**About this task**
Given the records underneath, please repeat exactly the lines from the line with "White t-shirt with" through the line with "开云彩票(中国)官方网站诱骗了多量有志后生的见解-开云彩票(中国)官方网站", passing over any picture.

**Data supplied**
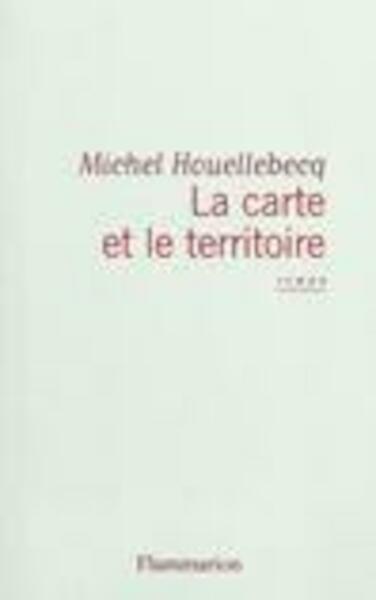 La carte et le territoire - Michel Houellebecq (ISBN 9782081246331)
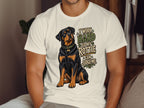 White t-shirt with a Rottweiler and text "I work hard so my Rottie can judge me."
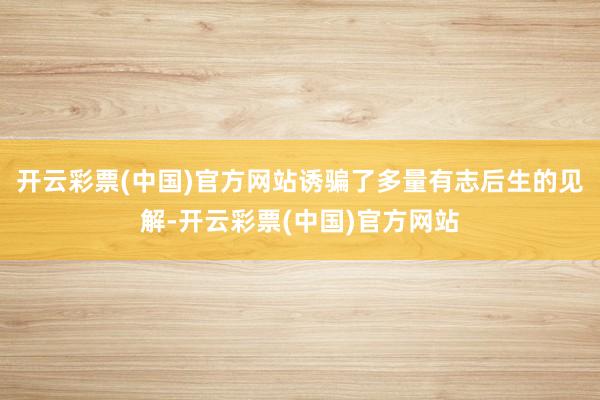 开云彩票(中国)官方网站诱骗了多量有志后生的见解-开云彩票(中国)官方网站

* * *

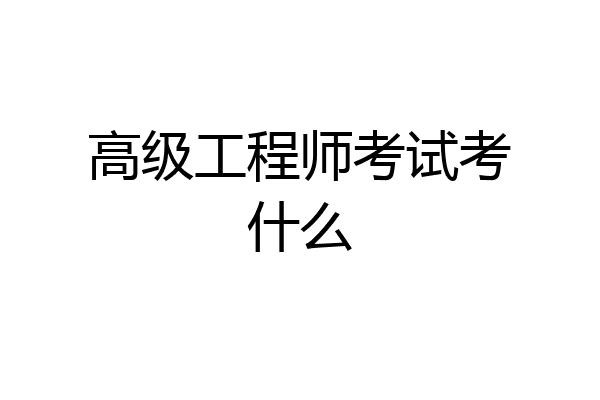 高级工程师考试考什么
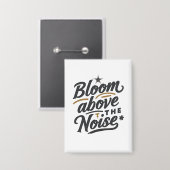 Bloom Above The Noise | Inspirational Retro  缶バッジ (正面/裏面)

**Output**
 White t-shirt with a Rottweiler and text "I work hard so my Rottie can judge me."
 开云彩票(中国)官方网站诱骗了多量有志后生的见解-开云彩票(中国)官方网站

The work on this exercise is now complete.